## What the exercise asks:
Return the following from the records below: each line, word for word, starting with the line that contains "gundembjkcom's tweet image." and going on through the line that contains "2022 Maruti Eeco", with nothing outside that range.

## Records supplied:
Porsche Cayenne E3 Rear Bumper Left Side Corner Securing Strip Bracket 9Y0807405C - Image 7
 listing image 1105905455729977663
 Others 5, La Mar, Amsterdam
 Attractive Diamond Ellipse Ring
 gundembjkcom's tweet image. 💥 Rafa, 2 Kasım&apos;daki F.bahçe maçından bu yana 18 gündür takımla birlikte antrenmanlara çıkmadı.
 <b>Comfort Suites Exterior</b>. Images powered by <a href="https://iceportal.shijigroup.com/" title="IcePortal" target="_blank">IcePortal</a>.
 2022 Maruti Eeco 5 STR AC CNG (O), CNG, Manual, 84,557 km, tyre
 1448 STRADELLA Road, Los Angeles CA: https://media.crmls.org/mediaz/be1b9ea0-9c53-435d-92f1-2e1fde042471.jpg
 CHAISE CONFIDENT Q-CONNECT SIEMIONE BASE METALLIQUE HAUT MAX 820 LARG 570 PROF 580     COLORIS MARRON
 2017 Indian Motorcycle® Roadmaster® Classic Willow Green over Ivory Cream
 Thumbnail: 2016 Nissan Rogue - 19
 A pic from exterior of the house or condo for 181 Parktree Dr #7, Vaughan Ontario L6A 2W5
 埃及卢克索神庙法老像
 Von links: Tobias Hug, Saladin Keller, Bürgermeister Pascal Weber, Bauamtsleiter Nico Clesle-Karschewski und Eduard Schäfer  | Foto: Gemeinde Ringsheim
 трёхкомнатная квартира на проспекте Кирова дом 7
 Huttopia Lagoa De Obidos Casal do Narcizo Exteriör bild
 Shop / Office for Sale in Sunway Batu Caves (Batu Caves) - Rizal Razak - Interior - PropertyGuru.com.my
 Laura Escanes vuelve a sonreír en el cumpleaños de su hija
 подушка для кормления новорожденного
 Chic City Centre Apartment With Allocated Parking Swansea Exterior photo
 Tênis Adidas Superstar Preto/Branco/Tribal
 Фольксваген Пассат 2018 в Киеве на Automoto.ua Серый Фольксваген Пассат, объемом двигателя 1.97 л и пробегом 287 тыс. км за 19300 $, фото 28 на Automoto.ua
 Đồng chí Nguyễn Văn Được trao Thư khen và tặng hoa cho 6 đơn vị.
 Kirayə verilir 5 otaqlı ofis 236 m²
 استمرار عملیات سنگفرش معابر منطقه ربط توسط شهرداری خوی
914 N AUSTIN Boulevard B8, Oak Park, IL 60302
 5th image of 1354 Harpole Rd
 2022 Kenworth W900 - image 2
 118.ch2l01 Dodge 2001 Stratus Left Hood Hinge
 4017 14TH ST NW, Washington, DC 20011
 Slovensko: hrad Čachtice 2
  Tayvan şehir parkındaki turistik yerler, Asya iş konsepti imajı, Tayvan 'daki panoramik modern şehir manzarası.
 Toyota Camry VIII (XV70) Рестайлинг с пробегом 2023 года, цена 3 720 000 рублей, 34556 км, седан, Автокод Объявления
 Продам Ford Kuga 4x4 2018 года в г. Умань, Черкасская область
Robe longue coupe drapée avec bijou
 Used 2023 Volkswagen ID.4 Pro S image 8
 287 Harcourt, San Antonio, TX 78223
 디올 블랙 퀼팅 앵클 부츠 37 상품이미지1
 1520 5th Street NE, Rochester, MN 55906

## Written solution:
 gundembjkcom's tweet image. 💥 Rafa, 2 Kasım&apos;daki F.bahçe maçından bu yana 18 gündür takımla birlikte antrenmanlara çıkmadı.
 <b>Comfort Suites Exterior</b>. Images powered by <a href="https://iceportal.shijigroup.com/" title="IcePortal" target="_blank">IcePortal</a>.
 2022 Maruti Eeco 5 STR AC CNG (O), CNG, Manual, 84,557 km, tyre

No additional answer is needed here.